=== Section Start ===

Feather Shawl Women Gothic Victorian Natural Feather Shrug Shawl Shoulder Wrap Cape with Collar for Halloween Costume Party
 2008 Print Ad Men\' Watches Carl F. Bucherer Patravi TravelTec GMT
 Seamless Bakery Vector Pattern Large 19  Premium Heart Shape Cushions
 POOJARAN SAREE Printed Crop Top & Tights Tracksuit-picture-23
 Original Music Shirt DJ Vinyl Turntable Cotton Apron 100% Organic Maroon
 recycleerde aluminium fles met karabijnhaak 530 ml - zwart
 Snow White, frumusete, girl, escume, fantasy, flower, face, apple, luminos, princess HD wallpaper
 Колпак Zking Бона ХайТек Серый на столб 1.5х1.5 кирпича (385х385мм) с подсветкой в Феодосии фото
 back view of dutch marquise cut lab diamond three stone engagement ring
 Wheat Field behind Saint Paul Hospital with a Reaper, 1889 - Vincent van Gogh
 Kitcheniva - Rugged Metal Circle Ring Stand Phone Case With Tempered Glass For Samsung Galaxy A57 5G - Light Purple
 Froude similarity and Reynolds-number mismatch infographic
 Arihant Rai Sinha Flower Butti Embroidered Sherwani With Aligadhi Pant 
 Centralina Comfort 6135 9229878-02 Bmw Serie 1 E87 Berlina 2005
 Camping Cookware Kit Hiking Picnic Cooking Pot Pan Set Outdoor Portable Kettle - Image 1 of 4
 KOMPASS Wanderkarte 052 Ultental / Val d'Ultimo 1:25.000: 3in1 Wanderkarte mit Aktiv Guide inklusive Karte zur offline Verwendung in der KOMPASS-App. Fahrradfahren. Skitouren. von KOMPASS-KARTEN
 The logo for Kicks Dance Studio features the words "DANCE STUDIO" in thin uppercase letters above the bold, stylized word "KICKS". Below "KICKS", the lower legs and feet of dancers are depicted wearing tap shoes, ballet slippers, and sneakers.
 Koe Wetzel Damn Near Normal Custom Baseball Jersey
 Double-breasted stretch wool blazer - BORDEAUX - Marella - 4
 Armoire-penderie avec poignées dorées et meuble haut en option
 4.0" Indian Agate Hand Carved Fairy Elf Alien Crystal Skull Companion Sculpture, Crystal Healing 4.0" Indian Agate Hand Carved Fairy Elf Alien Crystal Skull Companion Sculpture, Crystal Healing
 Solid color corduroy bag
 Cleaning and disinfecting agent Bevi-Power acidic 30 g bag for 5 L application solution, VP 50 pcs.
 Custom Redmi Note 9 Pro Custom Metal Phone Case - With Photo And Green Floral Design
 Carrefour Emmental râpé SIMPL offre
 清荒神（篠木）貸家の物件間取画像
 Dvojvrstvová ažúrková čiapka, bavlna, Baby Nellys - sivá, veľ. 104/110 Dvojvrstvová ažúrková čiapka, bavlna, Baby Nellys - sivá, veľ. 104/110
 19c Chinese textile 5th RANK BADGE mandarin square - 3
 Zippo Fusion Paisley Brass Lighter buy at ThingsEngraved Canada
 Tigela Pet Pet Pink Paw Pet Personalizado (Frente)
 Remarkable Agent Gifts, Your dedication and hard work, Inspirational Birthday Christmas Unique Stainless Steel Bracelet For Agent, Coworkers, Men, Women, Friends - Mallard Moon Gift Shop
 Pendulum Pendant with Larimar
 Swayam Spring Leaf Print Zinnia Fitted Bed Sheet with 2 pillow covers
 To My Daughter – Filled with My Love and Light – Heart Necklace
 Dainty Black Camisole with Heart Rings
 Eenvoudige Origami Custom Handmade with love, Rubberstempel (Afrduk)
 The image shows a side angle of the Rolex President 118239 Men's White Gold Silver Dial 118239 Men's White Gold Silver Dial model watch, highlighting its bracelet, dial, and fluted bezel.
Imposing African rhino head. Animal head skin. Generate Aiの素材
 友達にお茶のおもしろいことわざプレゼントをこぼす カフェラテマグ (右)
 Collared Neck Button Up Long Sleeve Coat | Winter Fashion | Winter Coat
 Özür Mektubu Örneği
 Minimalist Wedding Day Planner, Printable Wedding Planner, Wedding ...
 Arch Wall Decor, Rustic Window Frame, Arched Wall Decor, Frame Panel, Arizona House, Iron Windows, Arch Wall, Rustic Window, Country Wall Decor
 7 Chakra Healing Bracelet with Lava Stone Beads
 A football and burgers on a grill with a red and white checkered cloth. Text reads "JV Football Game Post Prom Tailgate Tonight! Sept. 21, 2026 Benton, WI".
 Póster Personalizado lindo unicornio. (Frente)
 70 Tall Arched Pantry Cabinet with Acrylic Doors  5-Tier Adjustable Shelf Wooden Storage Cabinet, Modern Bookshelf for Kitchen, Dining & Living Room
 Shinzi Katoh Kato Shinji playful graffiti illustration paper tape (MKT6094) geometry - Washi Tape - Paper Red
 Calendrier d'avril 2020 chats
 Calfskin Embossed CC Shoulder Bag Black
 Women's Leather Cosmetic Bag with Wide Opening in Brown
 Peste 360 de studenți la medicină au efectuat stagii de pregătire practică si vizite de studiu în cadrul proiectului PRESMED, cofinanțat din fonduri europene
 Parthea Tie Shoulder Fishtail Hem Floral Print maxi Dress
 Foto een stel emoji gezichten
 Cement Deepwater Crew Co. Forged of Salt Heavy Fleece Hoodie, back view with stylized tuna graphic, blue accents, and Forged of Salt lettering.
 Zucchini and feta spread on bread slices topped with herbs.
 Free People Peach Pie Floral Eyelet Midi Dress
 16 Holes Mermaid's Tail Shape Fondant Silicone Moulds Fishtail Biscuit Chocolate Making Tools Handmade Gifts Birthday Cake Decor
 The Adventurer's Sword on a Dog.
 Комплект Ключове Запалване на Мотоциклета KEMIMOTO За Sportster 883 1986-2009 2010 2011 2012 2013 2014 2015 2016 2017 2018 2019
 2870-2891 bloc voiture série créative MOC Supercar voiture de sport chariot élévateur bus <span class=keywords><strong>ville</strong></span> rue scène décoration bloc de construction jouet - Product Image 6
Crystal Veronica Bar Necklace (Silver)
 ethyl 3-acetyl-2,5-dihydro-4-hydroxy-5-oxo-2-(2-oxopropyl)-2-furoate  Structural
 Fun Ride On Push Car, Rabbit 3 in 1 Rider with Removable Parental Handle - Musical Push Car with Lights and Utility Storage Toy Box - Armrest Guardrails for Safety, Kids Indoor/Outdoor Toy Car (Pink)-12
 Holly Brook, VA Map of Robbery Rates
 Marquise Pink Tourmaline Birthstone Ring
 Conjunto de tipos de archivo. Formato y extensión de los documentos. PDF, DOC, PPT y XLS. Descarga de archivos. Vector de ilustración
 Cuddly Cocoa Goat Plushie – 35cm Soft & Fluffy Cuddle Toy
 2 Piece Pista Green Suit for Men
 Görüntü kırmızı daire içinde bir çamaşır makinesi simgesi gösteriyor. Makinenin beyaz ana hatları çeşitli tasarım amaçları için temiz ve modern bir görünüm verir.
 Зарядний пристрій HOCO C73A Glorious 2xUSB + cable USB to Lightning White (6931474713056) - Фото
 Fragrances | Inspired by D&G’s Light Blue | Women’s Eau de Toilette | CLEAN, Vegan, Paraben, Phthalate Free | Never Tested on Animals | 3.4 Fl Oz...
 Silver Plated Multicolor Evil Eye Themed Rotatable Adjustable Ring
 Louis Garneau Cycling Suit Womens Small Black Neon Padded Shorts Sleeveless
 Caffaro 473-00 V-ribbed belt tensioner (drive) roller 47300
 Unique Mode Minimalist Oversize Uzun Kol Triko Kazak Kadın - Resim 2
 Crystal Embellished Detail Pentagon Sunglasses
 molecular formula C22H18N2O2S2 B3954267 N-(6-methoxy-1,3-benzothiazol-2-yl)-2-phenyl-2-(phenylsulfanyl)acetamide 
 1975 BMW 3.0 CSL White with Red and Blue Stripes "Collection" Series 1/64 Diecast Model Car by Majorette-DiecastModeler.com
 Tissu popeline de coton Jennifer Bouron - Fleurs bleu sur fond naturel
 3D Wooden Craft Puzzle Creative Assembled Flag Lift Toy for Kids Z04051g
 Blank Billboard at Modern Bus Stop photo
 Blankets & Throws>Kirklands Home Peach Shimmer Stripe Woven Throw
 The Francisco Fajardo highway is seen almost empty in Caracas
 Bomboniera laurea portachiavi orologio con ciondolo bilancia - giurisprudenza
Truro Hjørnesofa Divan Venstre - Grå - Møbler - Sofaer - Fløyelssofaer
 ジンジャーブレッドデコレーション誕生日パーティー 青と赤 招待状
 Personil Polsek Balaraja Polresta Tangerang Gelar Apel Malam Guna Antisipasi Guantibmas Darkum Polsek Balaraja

=== Section End ===

All lines above from the one with "Silver Plated Multicolor" to the one with "Bomboniera laurea portachiavi", inclusive, should be copied exactly, and no other lines.

 Silver Plated Multicolor Evil Eye Themed Rotatable Adjustable Ring
 Louis Garneau Cycling Suit Womens Small Black Neon Padded Shorts Sleeveless
 Caffaro 473-00 V-ribbed belt tensioner (drive) roller 47300
 Unique Mode Minimalist Oversize Uzun Kol Triko Kazak Kadın - Resim 2
 Crystal Embellished Detail Pentagon Sunglasses
 molecular formula C22H18N2O2S2 B3954267 N-(6-methoxy-1,3-benzothiazol-2-yl)-2-phenyl-2-(phenylsulfanyl)acetamide 
 1975 BMW 3.0 CSL White with Red and Blue Stripes "Collection" Series 1/64 Diecast Model Car by Majorette-DiecastModeler.com
 Tissu popeline de coton Jennifer Bouron - Fleurs bleu sur fond naturel
 3D Wooden Craft Puzzle Creative Assembled Flag Lift Toy for Kids Z04051g
 Blank Billboard at Modern Bus Stop photo
 Blankets & Throws>Kirklands Home Peach Shimmer Stripe Woven Throw
 The Francisco Fajardo highway is seen almost empty in Caracas
 Bomboniera laurea portachiavi orologio con ciondolo bilancia - giurisprudenza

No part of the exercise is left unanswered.